Print word for word whatever lies between the first line of the material and the line holding "High Clouds and", both included, and omit all pictures.
────────────────────
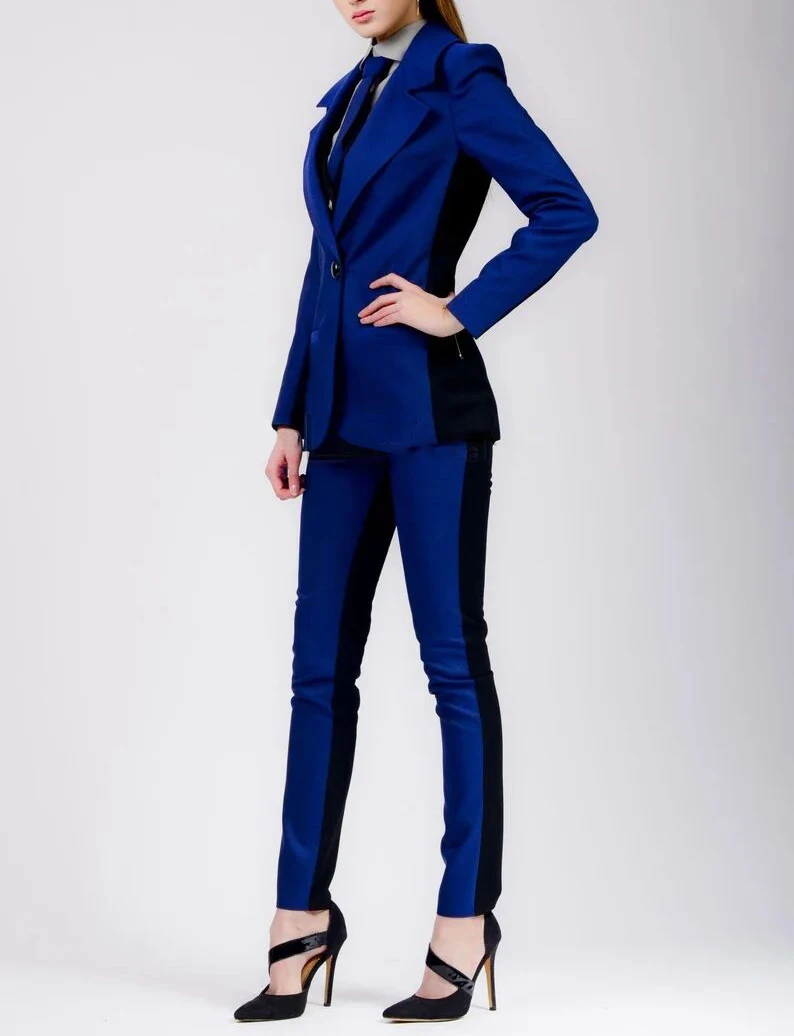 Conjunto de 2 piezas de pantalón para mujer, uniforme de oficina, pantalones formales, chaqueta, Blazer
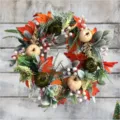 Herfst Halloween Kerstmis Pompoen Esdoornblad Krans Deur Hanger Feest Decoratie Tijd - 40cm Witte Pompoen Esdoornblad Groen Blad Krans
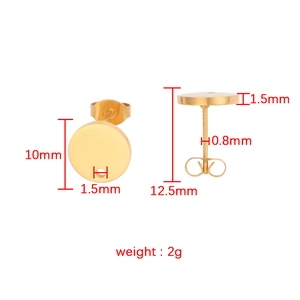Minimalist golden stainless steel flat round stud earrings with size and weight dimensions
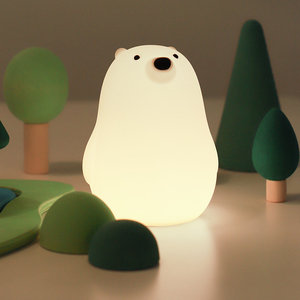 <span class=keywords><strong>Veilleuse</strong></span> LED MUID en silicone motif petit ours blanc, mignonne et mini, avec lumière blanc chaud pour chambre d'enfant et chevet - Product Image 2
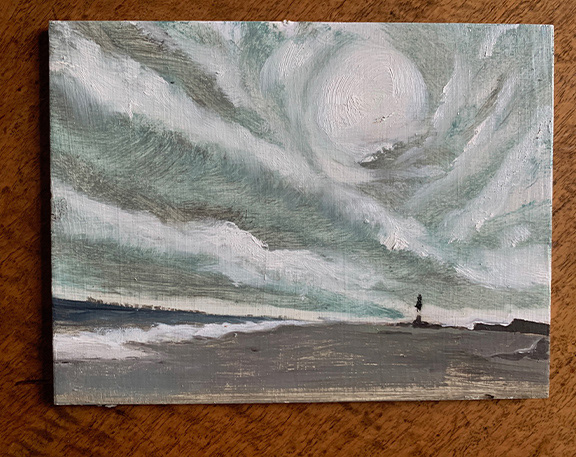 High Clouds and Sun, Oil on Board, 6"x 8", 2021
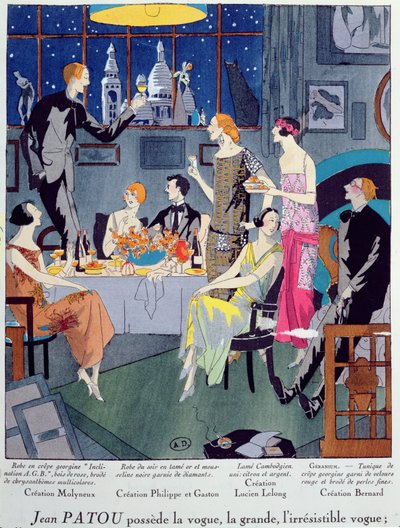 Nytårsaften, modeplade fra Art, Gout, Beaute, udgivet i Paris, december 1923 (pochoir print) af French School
────────────────────
_The answer_:
 Conjunto de 2 piezas de pantalón para mujer, uniforme de oficina, pantalones formales, chaqueta, Blazer
 Herfst Halloween Kerstmis Pompoen Esdoornblad Krans Deur Hanger Feest Decoratie Tijd - 40cm Witte Pompoen Esdoornblad Groen Blad Krans
Minimalist golden stainless steel flat round stud earrings with size and weight dimensions
 <span class=keywords><strong>Veilleuse</strong></span> LED MUID en silicone motif petit ours blanc, mignonne et mini, avec lumière blanc chaud pour chambre d'enfant et chevet - Product Image 2
 High Clouds and Sun, Oil on Board, 6"x 8", 2021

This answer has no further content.